According to unofficial results, Lujan brought in more than twice the votes of his opponent, Independence candidate Anthony Tarsio: Lujan drew 894 votes compared to Tarsio, who collected 432.
Lujan joins Joel Sierra, of the City of Middletown, to become the first Latinos to win seats on the county legislature. District 4 covers Balmville and the east end of the City of Newburgh, which has a population that is roughly 50 percent Latino.
“I was raised by strong independent women, and my Colombian heritage and their work ethic are very much a part of this accomplishment,” Lujan explained Monday. “I am honored to represent the Latino community and hope that this historic achievement will inspire other young leaders to find their voice.”
However, Lujan said, he represents a diverse community and he focused on the issues, not on his ethnicity during the campaign. “We had an aggressive ‘get-out-the-vote’ strategy,” Lujan said, and knocking on doors that included Balmville. “We were out at 4:30 in the morning until 8:55 at night on Tuesday.”
Lujan said he would work on creating livable-wage jobs in the district. “We need to create opportunities,” he said, in well-paying fields such as high-tech manufacturing and renewable energy.
If residents can find decent-paying jobs, they will buy homes, he said. “We need to bring in businesses that will put them on the tax rolls and help lower taxes,” said Lujan. “We need to think in long terms, not short terms… we need to create industries and a workforce that is prepared for the future. It will require thinking outside of the box.”
Economic development and sustainability do not have to be mutually exclusive, he said. “We’ve constantly had a trade-off between those two things,” Lujan said, citing the CPV power plant in Wawayanda as an example. “We can have economic development and still be environmentally sound.”
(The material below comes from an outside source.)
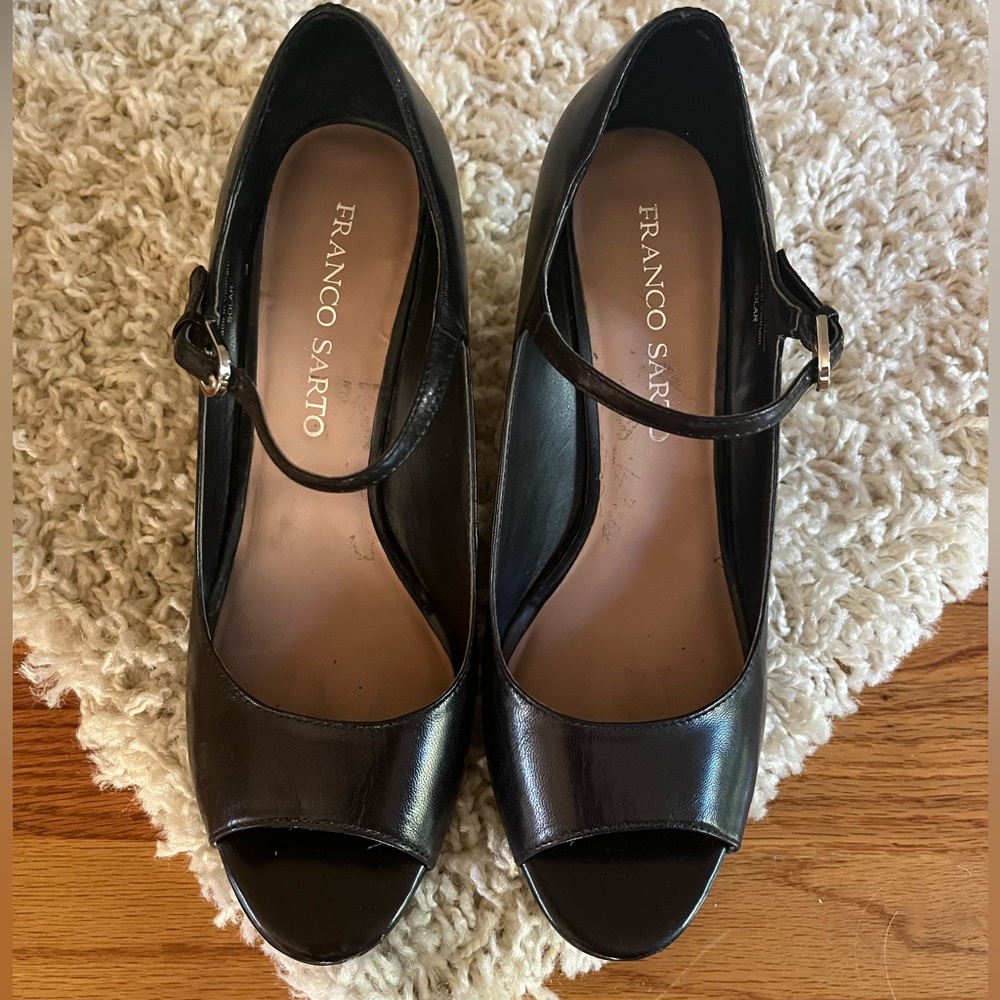 Franco Sarto Black leather 3” wedge heel with strap great condition 8 1/2W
“We’re right in the middle of some catastrophic environmental issues,” Lujan said, including drinking-water contamination and trains carrying flammable fuels through residential areas. “We need access to our water source,” Lujan said, speaking about the city’s drinking-water reservoir at Washington Lake in the towns of Newburgh and New Windsor.
Lujan promised to be a strong advocate for town and city. “Newburgh has not had a vote on that legislature for a long time,” he maintained.
Lujan, 30, is a member of the Orange County Young Democrats. “We didn’t expect to be such a small minority,” he said, on several seats lost by Democratic county legislators. “We were hoping to hold more seats. On a national level, however, we were very successful.”
“As a party, we’re going to have to learn how to inspire again,” he added. “We need to get people away from the apathy of voting and connect with people on the most basic needs – jobs, water, public health, taxes, affordable homes…”
Democrats will also need to work to address low voter turnout, he said, especially when it comes to young people and minorities. “We need to ask how we can engage and inspire,” Lujan said. “It’s going to take a lot of work.”
Lujan insists that his focus was “never partisan.” Sustainable economic development, improved mental-health and opioid-addiction-treatment services are among the many goals shared by Republicans and Democrats around the county, he said.
“I intend to sit down with every, single legislator between now and the next six months, so I know where they stand,” Lujan said. “It’s not about party. It’s about getting things done for our community. If we can get away from party politics and focus on people, we’ll be just fine.”